I have read many threads here on how to interpret coefficients in a regression where the predictor and the dependent variable are log-transformed. Most give an answer for a one or ten percent change. However, I am not sure whether I am right about interpreting other changes.
I have a beta coefficient of $-0.5057$. Given the standard interpretation (as elasticity), a one percent increase in the predictor variable ($X$) leads to an decrease of $0.5057$ percent in the dependent variable ($Y$). Alternatively a ten percent increase in $X$ leads to a $5.057$ percent decrease in $Y$.

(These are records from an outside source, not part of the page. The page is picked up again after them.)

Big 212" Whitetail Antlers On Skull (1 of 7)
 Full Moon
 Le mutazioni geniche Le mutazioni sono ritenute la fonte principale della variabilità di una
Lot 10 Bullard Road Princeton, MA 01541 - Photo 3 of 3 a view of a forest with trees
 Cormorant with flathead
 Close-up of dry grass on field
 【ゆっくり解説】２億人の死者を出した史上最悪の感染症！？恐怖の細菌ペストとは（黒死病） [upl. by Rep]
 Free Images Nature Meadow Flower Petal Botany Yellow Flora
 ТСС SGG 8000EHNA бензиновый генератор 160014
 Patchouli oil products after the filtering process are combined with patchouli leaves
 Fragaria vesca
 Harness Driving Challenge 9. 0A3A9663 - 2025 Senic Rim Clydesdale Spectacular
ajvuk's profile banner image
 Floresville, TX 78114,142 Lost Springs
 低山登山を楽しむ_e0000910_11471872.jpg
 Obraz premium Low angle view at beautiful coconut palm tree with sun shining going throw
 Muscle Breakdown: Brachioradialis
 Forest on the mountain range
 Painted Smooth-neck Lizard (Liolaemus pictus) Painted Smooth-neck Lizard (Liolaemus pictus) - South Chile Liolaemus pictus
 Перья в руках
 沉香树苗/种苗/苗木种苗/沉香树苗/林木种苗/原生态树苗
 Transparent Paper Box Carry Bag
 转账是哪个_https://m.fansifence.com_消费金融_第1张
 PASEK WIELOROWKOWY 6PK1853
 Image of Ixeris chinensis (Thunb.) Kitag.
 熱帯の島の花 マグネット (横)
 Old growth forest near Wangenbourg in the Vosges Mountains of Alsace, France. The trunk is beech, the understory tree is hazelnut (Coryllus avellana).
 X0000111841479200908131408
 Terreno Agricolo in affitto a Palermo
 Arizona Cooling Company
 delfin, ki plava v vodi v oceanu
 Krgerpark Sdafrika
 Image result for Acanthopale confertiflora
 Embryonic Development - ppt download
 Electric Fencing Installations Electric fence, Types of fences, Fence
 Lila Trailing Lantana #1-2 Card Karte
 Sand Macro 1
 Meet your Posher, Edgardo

I found the formulas $1.1^{-0.5057}$ and $\exp(-0.5057(\log(1.1)))$ to calculate the affect of any change in $X$ on $Y$. Are these formulas right because I get for a ten percent increase slightly different results than the $5.057$ decrease.
Furthermore, is it right that the percentage values for the changes in $Y$ do not increase proportionally with increases in $X$? If a one percent increase in $X$ leads to an decrease of $0.5057$ percent in $Y$, it is wrong to assume that a $50$ percent increase in $X$ leads to a $(50 \times 0.5057)$ decrease in $Y$?
$\exp(-0.5057(\log(1.5)))= 0.8146$. Given the difference between $1$ and this value, it suggests that $Y$ decreases by $18.5$ percent. Am I right?
The formulas mentioned above suggest so. Is that because of the nonlinearity in the model?